Tuesday, September 26, 2017

Kiss Snatcher

Here's a hardboiled double bill for you: Kiss Me Deadly (1955) and Picture Snatcher (1933).

This was Ms. Beveridge's first look at Kiss. It stars Ralph Meeker, and directed with noir panache by Robert Aldrich. The opening is a real grabber - a bare-foot woman wearing a trenchcoat and probably nothing else (Cloris Leachman) is running down a road at night, trying to flag down cars. She jumps out in front of Mike Hammer's (Meeker) Jaguar, nearly causing a crash. He picks her up, but isn't happy about it. They quarrel, and he drops her off at the bus station. Of course, she turns up dead.

Then everyone else turns up, looking for something she had - Mike's secretary Velda (Maxine Cooper) calls it the Great Whatsit. He searches for it mainly by bumbling around and sometimes beating people up. At some point I was convinced that the whole mystery thing thing didn’t make any sense, but that might just be me. Maybe I was just to busy wallowing in the great LA scenery - especially the scenes set in Bunker Hill, including Angel’s Flight. But the greatest shot in the movie is Meeker in his apartment, next to his modernistic wall-mounted reel-to-reel answering machine, looking out the window at the cars on the freeway. Really says it all.

Then it becomes a sci-fi horror flick, and you know the rest. Wild movie, Aldrich’s best.

As a palate cleanser, let’s go back to the days of the Depression for a James Cagney film, Picture Snatcher (pronounced pitcher-snatcher). Will it be a musical, a comedy, a gangster film? The jaunty music over the credits hints at the first two, but it lies.  Cagney is a gangster who wants to go straight when he gets out of jail. He wants to be a reporter, working for Ralph Bellamy, the drunk city editor of a trashy tabloid. Since he has no scruples, he does pretty well. He gets into and out of scrapes with girls, the law, and the managing editor.
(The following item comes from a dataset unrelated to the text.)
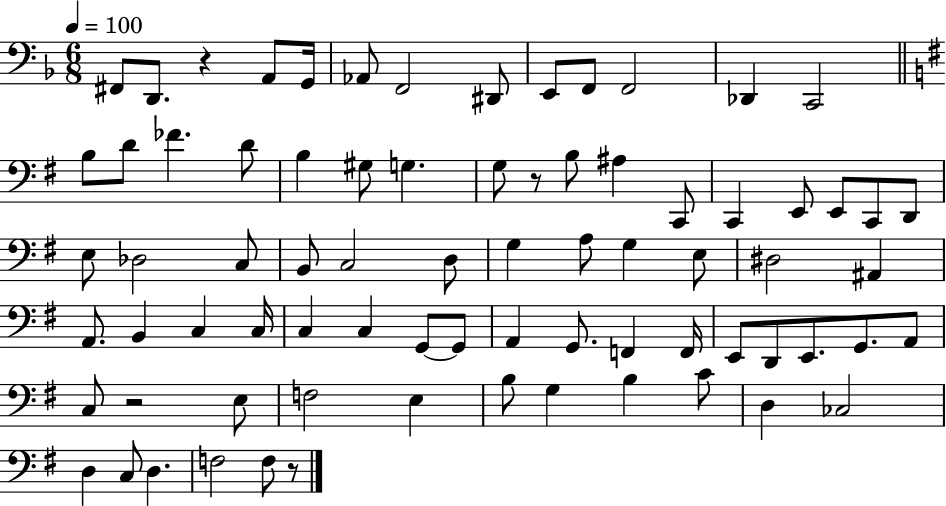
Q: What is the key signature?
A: F major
He is the only reporter to get a picture of a woman getting the electric chair - while the other observers are throwing up, he’s snapping a picture with a camera on his shoe. (This part was based on a true ripped-from-the-headlines story.)

Both movies feature charming, utterly amoral, and self-centered men. It only comes out well in Picture Snatcher. I guess it might have been a comedy after all.